[center:e7aade59e3]
Charlton vs. Tottenham
1x @ 1.55[/center:e7aade59e3]
Szczerze mowiac do analizy tego spotkania zainspirowal mnie ktos tutaj dajac pewna dwojk Tottenhamowi. Po jego slowach stwierdzilem, ze moze to byc pewne i ciekawe spotkanie, jednakze po dokladnym przegladzie doszedlem do innych wnioskow.
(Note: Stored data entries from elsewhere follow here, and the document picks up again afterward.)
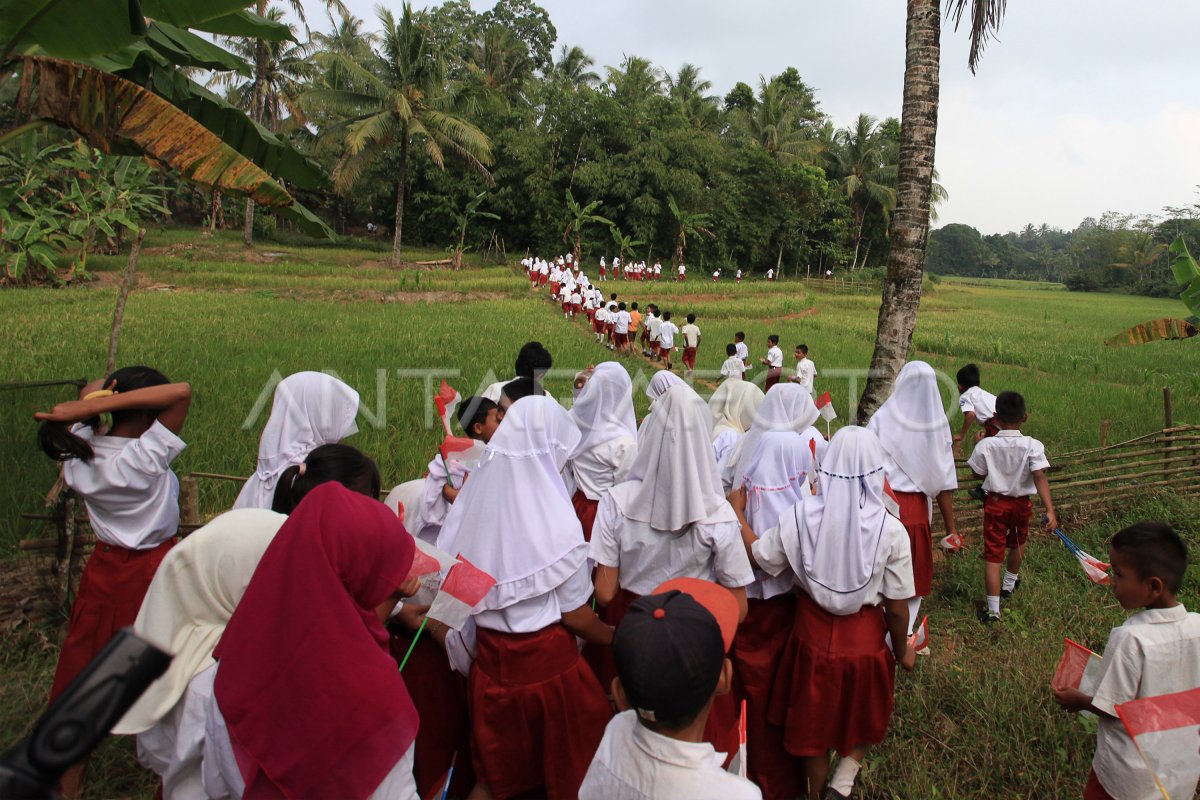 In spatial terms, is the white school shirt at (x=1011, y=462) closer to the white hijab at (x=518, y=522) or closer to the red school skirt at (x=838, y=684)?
the red school skirt at (x=838, y=684)

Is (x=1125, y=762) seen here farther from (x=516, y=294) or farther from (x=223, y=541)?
(x=516, y=294)

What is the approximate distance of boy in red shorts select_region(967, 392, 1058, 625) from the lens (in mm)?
4668

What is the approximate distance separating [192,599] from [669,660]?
124cm

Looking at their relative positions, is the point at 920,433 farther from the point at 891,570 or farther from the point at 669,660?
the point at 669,660

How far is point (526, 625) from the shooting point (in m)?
2.43

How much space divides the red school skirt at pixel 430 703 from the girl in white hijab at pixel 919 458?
2.69 m

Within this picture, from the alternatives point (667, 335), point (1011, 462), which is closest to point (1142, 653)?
point (1011, 462)

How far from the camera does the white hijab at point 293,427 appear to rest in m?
3.01

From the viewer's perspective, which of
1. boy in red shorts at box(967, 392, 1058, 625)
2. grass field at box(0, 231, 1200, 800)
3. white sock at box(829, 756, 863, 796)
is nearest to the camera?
white sock at box(829, 756, 863, 796)

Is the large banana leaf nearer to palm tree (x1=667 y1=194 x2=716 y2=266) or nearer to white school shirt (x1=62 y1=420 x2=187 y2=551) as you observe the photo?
white school shirt (x1=62 y1=420 x2=187 y2=551)

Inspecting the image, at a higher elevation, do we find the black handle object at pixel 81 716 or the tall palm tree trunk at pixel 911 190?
the tall palm tree trunk at pixel 911 190

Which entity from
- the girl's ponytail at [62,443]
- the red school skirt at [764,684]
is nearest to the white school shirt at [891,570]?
the red school skirt at [764,684]

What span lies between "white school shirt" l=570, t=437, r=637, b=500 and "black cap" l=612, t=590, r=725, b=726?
7.88 ft

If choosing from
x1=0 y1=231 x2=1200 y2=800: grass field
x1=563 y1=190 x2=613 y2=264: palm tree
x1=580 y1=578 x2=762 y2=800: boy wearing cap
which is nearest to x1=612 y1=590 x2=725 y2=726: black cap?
x1=580 y1=578 x2=762 y2=800: boy wearing cap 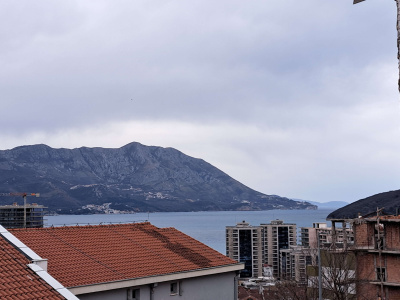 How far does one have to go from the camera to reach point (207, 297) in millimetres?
23000

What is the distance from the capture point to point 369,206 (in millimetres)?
43281

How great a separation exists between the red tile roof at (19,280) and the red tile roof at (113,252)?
4.67 m

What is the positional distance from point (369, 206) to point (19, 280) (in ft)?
117

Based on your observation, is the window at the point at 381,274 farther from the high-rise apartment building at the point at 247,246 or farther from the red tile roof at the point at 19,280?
the high-rise apartment building at the point at 247,246

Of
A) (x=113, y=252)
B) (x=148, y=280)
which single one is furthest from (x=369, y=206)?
(x=148, y=280)

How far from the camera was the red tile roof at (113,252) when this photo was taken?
1888 cm

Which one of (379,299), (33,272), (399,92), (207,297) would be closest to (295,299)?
(379,299)

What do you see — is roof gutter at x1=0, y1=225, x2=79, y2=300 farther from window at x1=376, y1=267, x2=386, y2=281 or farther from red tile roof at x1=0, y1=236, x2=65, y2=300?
window at x1=376, y1=267, x2=386, y2=281

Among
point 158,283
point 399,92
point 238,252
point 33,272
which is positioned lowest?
point 238,252

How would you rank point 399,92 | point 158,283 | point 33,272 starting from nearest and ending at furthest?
point 399,92, point 33,272, point 158,283

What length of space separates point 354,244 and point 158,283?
12.5 metres

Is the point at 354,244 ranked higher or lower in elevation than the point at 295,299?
higher

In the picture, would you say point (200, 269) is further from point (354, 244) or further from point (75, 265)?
point (354, 244)

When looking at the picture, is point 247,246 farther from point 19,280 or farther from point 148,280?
point 19,280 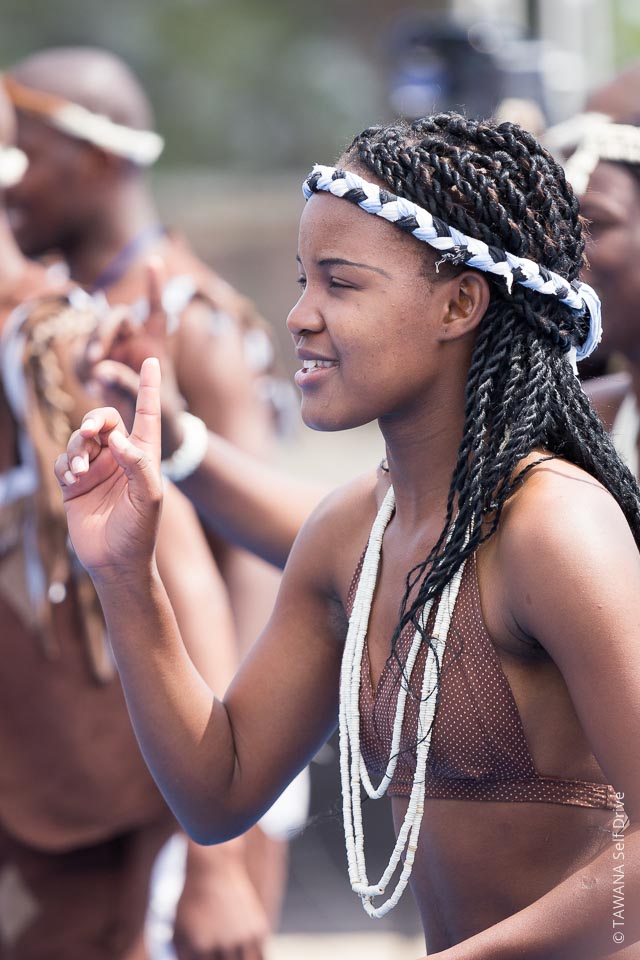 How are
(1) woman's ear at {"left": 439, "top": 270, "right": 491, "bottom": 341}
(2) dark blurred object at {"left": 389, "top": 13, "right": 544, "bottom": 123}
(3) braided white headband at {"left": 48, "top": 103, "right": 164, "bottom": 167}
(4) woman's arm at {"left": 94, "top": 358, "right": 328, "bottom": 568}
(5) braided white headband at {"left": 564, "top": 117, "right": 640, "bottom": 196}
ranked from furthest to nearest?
(2) dark blurred object at {"left": 389, "top": 13, "right": 544, "bottom": 123}
(3) braided white headband at {"left": 48, "top": 103, "right": 164, "bottom": 167}
(5) braided white headband at {"left": 564, "top": 117, "right": 640, "bottom": 196}
(4) woman's arm at {"left": 94, "top": 358, "right": 328, "bottom": 568}
(1) woman's ear at {"left": 439, "top": 270, "right": 491, "bottom": 341}

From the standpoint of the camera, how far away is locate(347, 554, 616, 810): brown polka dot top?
6.33 ft

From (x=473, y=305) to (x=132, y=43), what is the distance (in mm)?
13687

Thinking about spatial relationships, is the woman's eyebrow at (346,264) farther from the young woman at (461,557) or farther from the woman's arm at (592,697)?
the woman's arm at (592,697)

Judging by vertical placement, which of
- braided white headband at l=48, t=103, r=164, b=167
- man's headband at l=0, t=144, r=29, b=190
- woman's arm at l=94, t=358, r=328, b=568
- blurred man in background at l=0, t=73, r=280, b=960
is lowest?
blurred man in background at l=0, t=73, r=280, b=960

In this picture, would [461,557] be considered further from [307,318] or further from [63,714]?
[63,714]

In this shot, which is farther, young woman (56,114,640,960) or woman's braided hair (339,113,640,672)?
woman's braided hair (339,113,640,672)

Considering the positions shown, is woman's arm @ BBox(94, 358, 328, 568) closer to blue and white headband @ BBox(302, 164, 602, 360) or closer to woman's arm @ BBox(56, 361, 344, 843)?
woman's arm @ BBox(56, 361, 344, 843)

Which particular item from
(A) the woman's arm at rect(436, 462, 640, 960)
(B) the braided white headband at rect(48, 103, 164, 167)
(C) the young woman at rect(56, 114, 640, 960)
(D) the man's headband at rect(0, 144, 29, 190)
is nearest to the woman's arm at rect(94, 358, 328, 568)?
(C) the young woman at rect(56, 114, 640, 960)

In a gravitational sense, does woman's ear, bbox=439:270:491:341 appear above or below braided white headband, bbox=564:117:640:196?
below

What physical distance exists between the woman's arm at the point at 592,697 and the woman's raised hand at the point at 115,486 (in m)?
0.55

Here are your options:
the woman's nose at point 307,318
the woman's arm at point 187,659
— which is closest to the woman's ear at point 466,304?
the woman's nose at point 307,318

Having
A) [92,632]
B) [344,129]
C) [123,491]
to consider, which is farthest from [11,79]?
[344,129]

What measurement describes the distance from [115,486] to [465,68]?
192 inches

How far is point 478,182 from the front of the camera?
79.1 inches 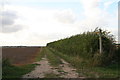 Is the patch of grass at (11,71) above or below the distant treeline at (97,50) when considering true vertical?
below

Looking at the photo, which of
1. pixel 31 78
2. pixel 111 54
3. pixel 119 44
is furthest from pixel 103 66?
pixel 31 78

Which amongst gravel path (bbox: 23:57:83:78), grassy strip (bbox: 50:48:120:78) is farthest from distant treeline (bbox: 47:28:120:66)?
gravel path (bbox: 23:57:83:78)

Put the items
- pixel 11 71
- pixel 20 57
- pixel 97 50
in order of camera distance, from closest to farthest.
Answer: pixel 11 71 → pixel 97 50 → pixel 20 57

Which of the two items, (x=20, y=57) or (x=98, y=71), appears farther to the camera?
(x=20, y=57)

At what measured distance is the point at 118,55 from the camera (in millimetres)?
17906

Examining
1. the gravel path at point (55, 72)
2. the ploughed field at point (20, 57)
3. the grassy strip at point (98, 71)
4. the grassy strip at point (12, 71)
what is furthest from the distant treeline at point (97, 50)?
the ploughed field at point (20, 57)

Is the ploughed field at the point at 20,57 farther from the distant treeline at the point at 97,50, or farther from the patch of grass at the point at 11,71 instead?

Sytuacja w tabelii rzeczywiscie przemawia za Kogutami, gdyz:
- Charlton zajmuje miejsce przedostatnie i spadek jest nieunikniony, czyli gra o nic.
- Tottenham zajmuje obecnie 9. miejsce, ale ma o dwa mecze mniej od znajdujacych sie wyzej Evertonu, Boltonu, Readingu oraz Portsmouth. Miejsca od 5-7 na ktore Koguty maja realna szanse gwarantuja gre w Pucharze UEFA. Tylko jeden punkt brakuje im do 7. miejsca, a 4punkty do 5. Evertonu. Mimo to Tottenham nie musi zagrac na "maxa", gdyz w zapasie zostaje im jeszcze jeden mecz. Z drugiej strony czy warto potem sie meczyc?
Ostatnie mecze Charltonu w domu:
Scheffield 1:1
Reading 0:0
Wigan 1:0
Mecze Tottenhamu na wyjezdzie:
Midddlesbrough 3:2
Wigan 3:3
Chelsea 0:1
Czyli w sumie wygladaja dosyc podobnie, prawda?
Przechodzimy do meczow bezposrednich (ustawione jako Charlton - Tottenham).
2:3 | 2:0 | 2:4 | 0:1 | 3:1 | 1:0
Widzimy, ze ostatnie spotkanie w Charltonie zakonczylo sie wynikiem 3:2.
U siebie Koguty ograly Charlton 1:5.
Kontuzje:
Charlton: Thatcher (obronca, 10 meczy), Reid (pomocnik, 16m), Gibbs (0 meczy
)
Koguty: Gardner/5, Mido/12!, Tainio/18!, Stalteri/6, Young-Pio/21!, Assou-Ekotto/16
Jak widzimy oba sklady maja jako takie oslabienia...
Jednak obecna forma Tot. nie imponuje, szczegolnie na wyjazdach.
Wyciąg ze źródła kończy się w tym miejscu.